実態 実の所、俊寛が何をしたのか?と問われれば、目立った言動は見られない。
 前述したように、鹿ケ谷謀議は「平家打倒の陰謀」としてのそのレベルはメチャクチャ低く、本気で平家打倒(の気持ちがあったとしても、それ)を狙うには稚拙過ぎ、酔っ払いの愚痴&駄洒落による戯言大会に近かった
 勿論、身分の高い者に対する叛意や悪意が死に繋がることもあり得た中世のこと、今と同じに考えてはいけないだろう。平家とて多田行綱による訴え出があった以上、取り締まらない訳にはいかなかっただろう。
 そして俊寛にとって致命的だったのは「謀議の場」であった鹿ケ谷山荘が俊寛の物だったことである。「場を提供した者」として重罰対象になったことは想像に難くない。

 一方で、この謀議事態が平清盛によってでっち上げられたものだとする説も近年では重視されている。勿論、謀議なんてものは隠れて行うものだから、やっていてもやっていなくても取り調べに対して「No」を答えるに決まっている。
 後白河法皇は(当然の様に)白を切っているし、西光の自白も苛烈な拷問によるもので、端からみんな認めた訳ではない。それゆえ謀議の実在について歴史学者でもない薩摩守に真偽を立証することは出来ないが、それに少しでも近付く為にも背景に関する考察は行いたい。
 当初は後白河法皇と平清盛は蜜月状態にあった(もっとも、後白河法皇の狸親父は必要な時は誰とでも組むのだが)。その蜜月状態に翳りが差したのは安元二(1176)年七月八日に起きた建春門院滋子(けんしゅんもんいんしげこ)の薨去だった。
 建春門院は清盛の妻・時子(二位尼)の妹で、後白河法皇の妃で、高倉天皇の母でもあった。平家にとっても皇室と繋がるキーパーソンだったが、高倉天皇にとっても、院政で政権を手放さない父・後白河法皇に対する大切な拠り所だった。
 既に成人していた高倉天皇は清盛の娘・徳子を妃とし、その徳子は後に安徳天皇を産んでいる。必然、高倉天皇は平家を後ろ盾とした親政を画策する。それゆえに院政継続を望む後白河法皇とは暗に対立する兆しが存在した。

 となると、後白河法皇を擁する院近臣勢力は反平家に傾く。建春門院薨去の翌安元三(1177)年正月の除目で、平重盛が左大将、平宗盛が右大将となったが、前述したようにこれによって右大将就任に漏れた藤原成親は面白くなかった。

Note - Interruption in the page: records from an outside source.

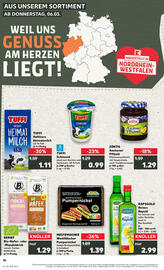 Kaufland Prospekt woche 10 Seite 16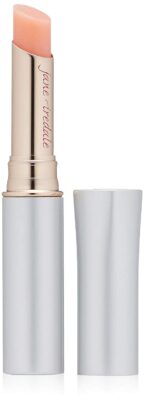 jane iredale Just Kissed Lip and Cheek Stain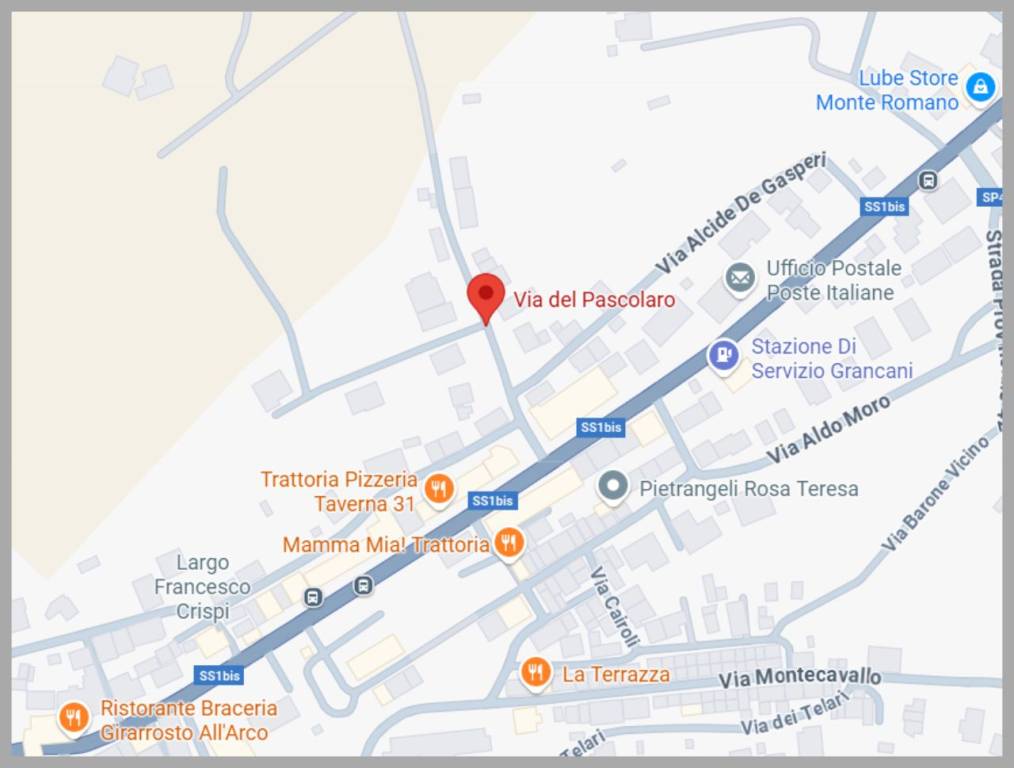 immagine annuncio 9 di 15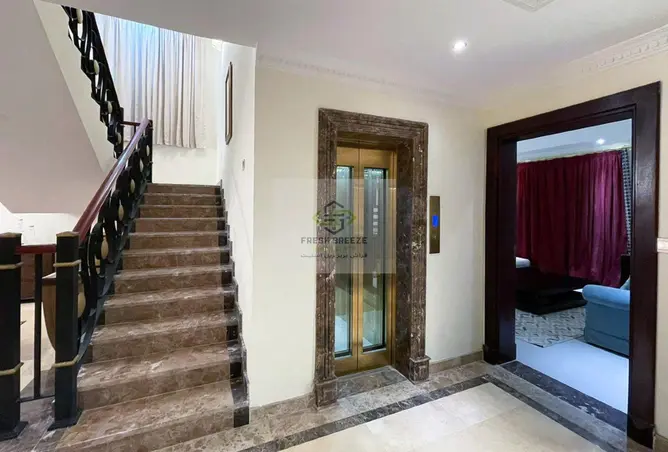 62635993 - Property Image 2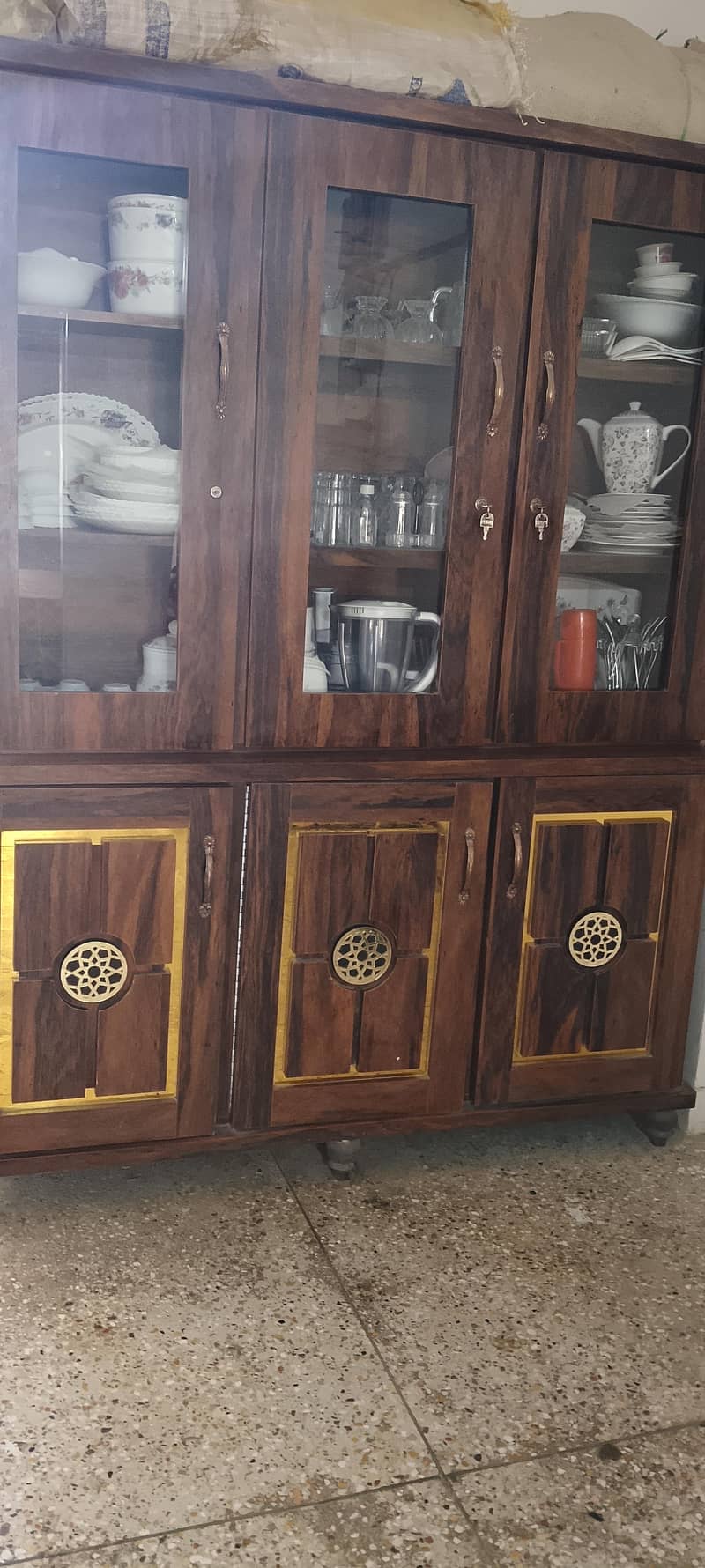 bedroom set 3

 また同年三月二二日には比叡山延暦寺の大衆が白山の末寺・宇河寺を焼いた藤原師高・師経兄弟(西光の子)の配流を求めて強訴を起こすという事件が勃発した。
 山門衆の怒りは後白河法皇による師経備後国流罪の宣告でも収まらず、四月一三日には神輿を持ち出して内裏向かった山門衆と、警備に当たっていた重盛の兵との間で衝突が起き、死者も出て、事態は更に悪化した。

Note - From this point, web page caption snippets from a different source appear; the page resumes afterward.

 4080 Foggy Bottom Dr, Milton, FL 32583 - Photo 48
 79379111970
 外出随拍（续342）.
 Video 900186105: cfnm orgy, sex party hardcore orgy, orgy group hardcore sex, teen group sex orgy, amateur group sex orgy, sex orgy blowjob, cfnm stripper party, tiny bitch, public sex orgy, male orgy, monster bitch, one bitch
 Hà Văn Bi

 その後の流れに激昂した後白河法皇は近衛大将であった重盛・宗盛に対して坂本封鎖・延暦寺攻撃を命令(←本当に何とかして欲しい、この狸親父……)。驚いた二人が父・清盛に判断を仰ぎ、容易ならざる展開に清盛も直ちに上洛し、二八日に後白河と会見して攻撃を思いとどまらせようとしたが、押し切られる形で、近江・美濃・越前の武士も動員される始末だった。
 そしてその出撃直前の六月一日、清盛の西八条邸を訪れた多田行綱が平氏打倒の謀議を密告したのだった。

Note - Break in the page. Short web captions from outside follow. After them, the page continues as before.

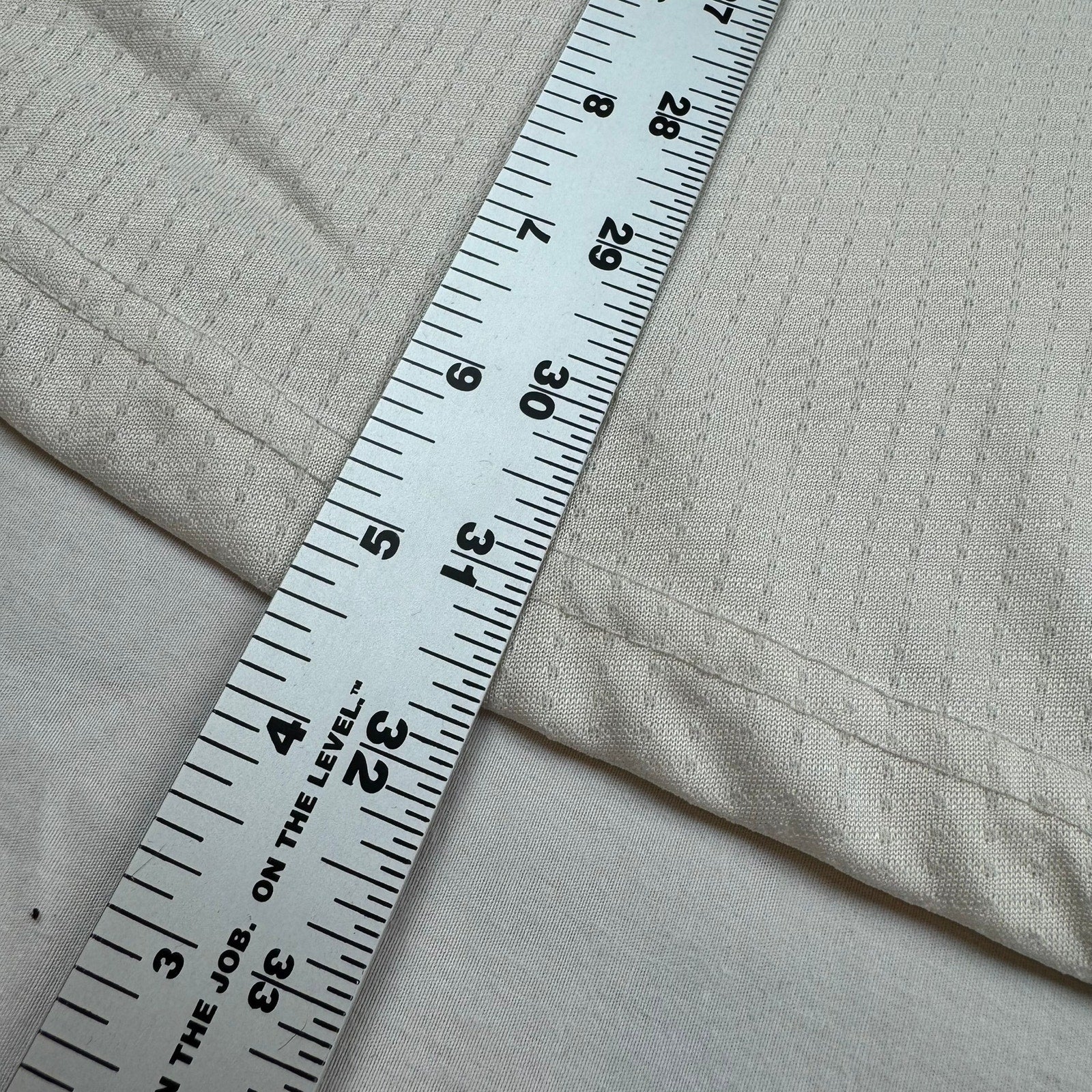 Vintage Los Angeles Lakers Jersey - Size XL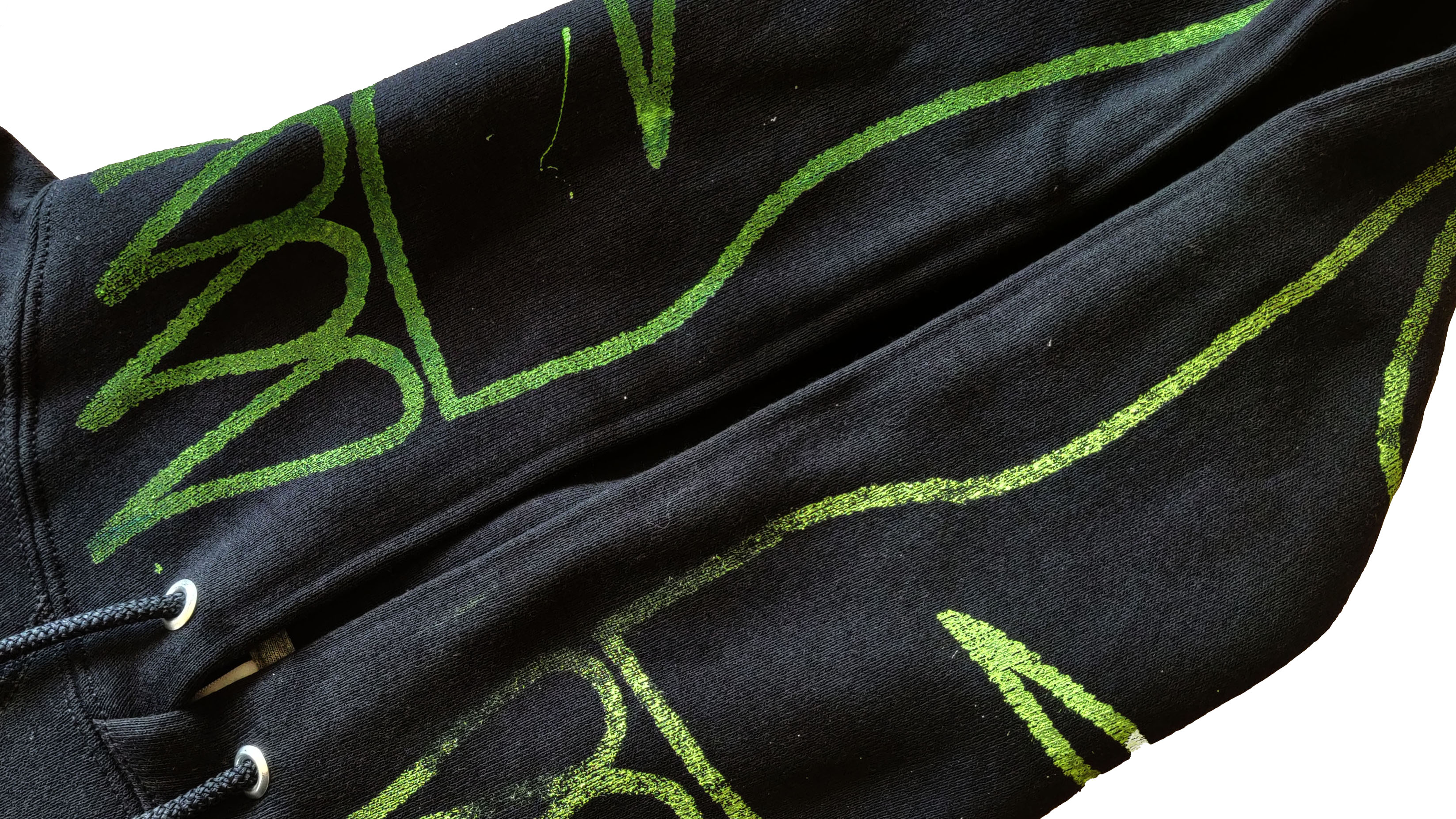 virtualgoodsdealer x bod [包家巷]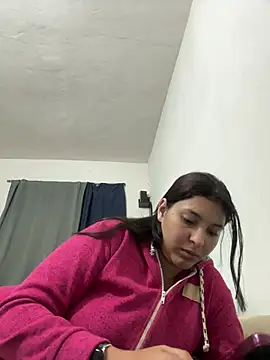 mariatudulceadiccion online show from 01-31-25, 12:29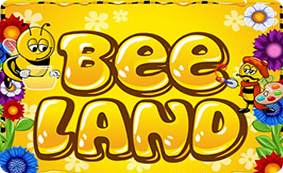 Bee Land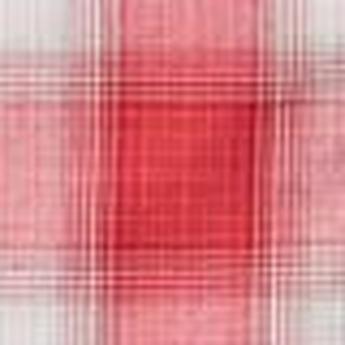 Baby/Toddler Boy's Wrangler Short Sleeve Shirt - Red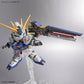 Bandai RX-93ff V Gundam (BB Senshi RX-93ff V Gundam)[Gundam]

 薩摩守は後白河法皇の人柄を擁護する気は全くないが、それでも状況的に平家を率いて山門を攻撃しようとしている、つまりは平家の力を必要としている時に平家を除く様な思考・行動に走る様な馬鹿とは考え難い。
 我の強い後白河法皇のことだから、後々平家を除く事を考えていても全くおかしくないが、この時点での平家打倒謀議はいくらなんでも時期尚早と思われる。
 実際、この「謀議」は前述したような、酔っ払いの愚痴大会とも、比叡山攻撃の方針を確認した会合とも見られている。密告人とされる多田行綱は過去に僧兵捕縛に失敗したという行きがかりがあり、会合の目的が延暦寺攻撃・平氏打倒のいずれにしても何らかの軍事行動に加わる立場にあったと推定される。
 だが、背景はどうあれ、清盛は直ちに西光を呼び出して拷問にかけ、すべてを自供させると首を刎ねた。そして西光に深い恨みを持ち、近江西坂本まで下っていた山門衆はこの動きを知ると、清盛に使者を送って敵を討ったことへの感謝を述べて山へ戻っていった。
 となると、この逮捕劇は山門との衝突を回避するためにでっち上げと見ることも出来る。実際、清盛に呼び出された際に西光も成親もすんなり出頭に応じている。余程油断していたか、平家打倒の意識が皆無に近かったかのいずれかだろう。
 ちなみに俊寛逮捕はその三日後のことだった。西光が斬られたのに逃げなかったのだろうか?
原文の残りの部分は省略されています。